**What you have to do:**
Count how many lines in the data below include "photo". Answer with the number only.
(Information provided)
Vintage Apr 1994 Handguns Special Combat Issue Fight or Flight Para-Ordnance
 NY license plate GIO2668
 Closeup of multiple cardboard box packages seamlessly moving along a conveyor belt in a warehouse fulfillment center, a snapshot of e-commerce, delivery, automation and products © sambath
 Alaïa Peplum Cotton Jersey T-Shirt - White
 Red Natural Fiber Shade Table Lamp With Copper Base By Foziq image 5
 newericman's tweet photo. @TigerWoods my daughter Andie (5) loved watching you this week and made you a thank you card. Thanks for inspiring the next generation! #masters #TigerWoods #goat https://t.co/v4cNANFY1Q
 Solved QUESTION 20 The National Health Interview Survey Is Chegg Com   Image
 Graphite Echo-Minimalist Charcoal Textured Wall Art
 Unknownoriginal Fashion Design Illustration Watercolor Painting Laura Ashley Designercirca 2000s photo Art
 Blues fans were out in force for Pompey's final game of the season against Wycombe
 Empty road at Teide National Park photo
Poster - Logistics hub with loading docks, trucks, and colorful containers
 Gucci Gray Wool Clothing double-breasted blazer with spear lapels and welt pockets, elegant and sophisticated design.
(End Information provided)
**Finished task:**
3